Columna de Tamara Agnic: Credibilidad: ¿Se puede estar peor?

Vista general del Salón Plenario, durante la Cuenta Pública Presidencial en el Congreso Nacional. FOTO: LEONARDO RUBILAR CHANDIA/AGENCIAUNO

"Hay que endurecer la legislación que castiga la corrupción, establecer mecanismos efectivos y creíbles de prevención, marcar distancia con quienes incurren en corrupción, mostrarse firmes y nítidos en la separación entre dinero, influencias, política y las decisiones institucionales de modo de mostrar integridad a toda prueba."

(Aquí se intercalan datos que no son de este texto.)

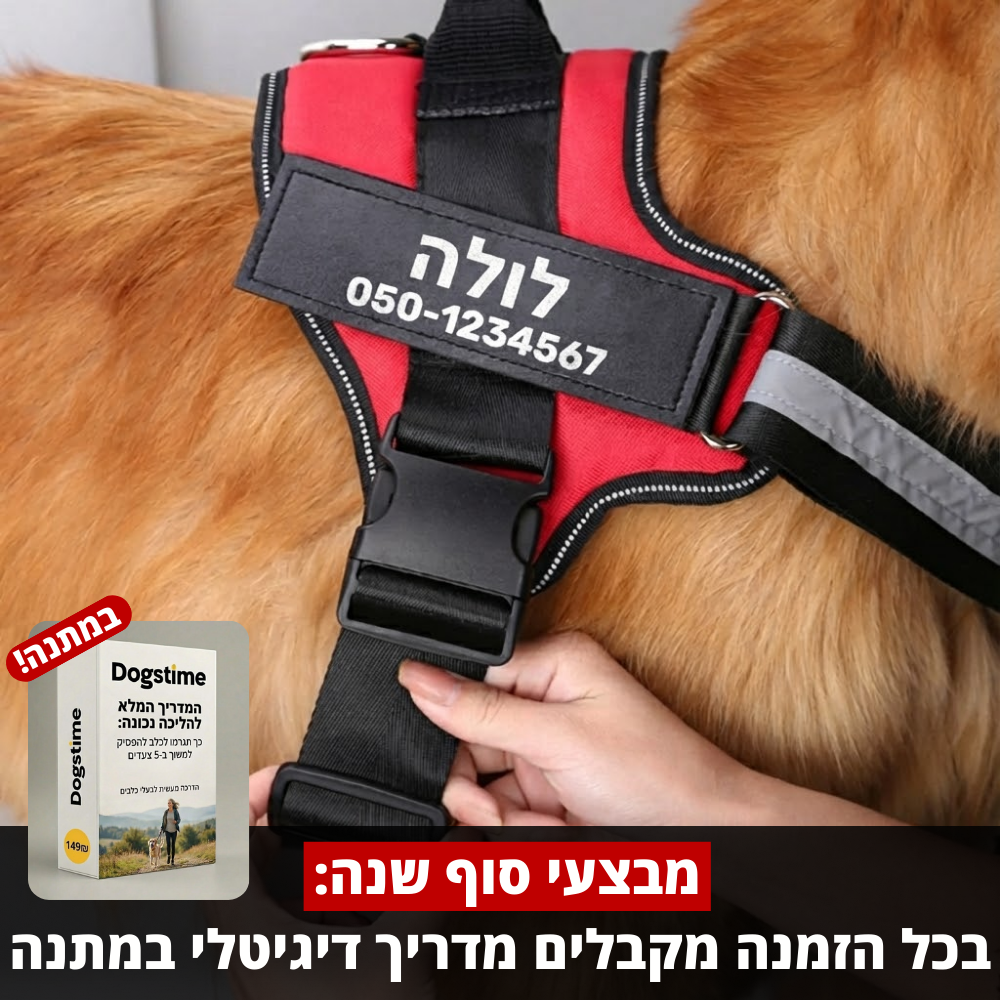 ©SafeDog | רתמה מונעת משיכות מותאמת אישית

Tras conocerse los resultados de la nueva encuesta CEP, los dirigentes políticos, personeros de gobierno y los medios de comunicación nuevamente se enfrascan en agrios debates sobre las cifras de apoyo que tiene La Moneda y el gabinete, las figuras que aparecen con más perspectivas de ser presidenciables y los temas que en teoría más preocupan a la ciudadanía. Lo de siempre y “nada nuevo bajo el sol”.

Pero hay un fenómeno que viene ocurriendo y agravándose hace años y que se refleja no sólo en esta encuesta, sino que en casi todos los estudios de opinión. Se trata del profundo descrédito y la escasa confianza que las personas tienen en las instituciones y, en particular, en los políticos, los partidos y los organismos de representación popular. Esto también se está volviendo algo permanente al punto de ser francamente peligroso. Las cifras son malas y llaman urgente a la reflexión. La confianza en el Gobierno está en un 16%; en Tribunales de Justicia, un 16%; en el Ministerio Público, 14%, pero lo más inquietante es lo que pasa con el Congreso, con una confianza de un 8% y los partidos políticos, en el fondo de la tabla, con apenas un 4% de confianza. ¿Cómo llegamos a esto?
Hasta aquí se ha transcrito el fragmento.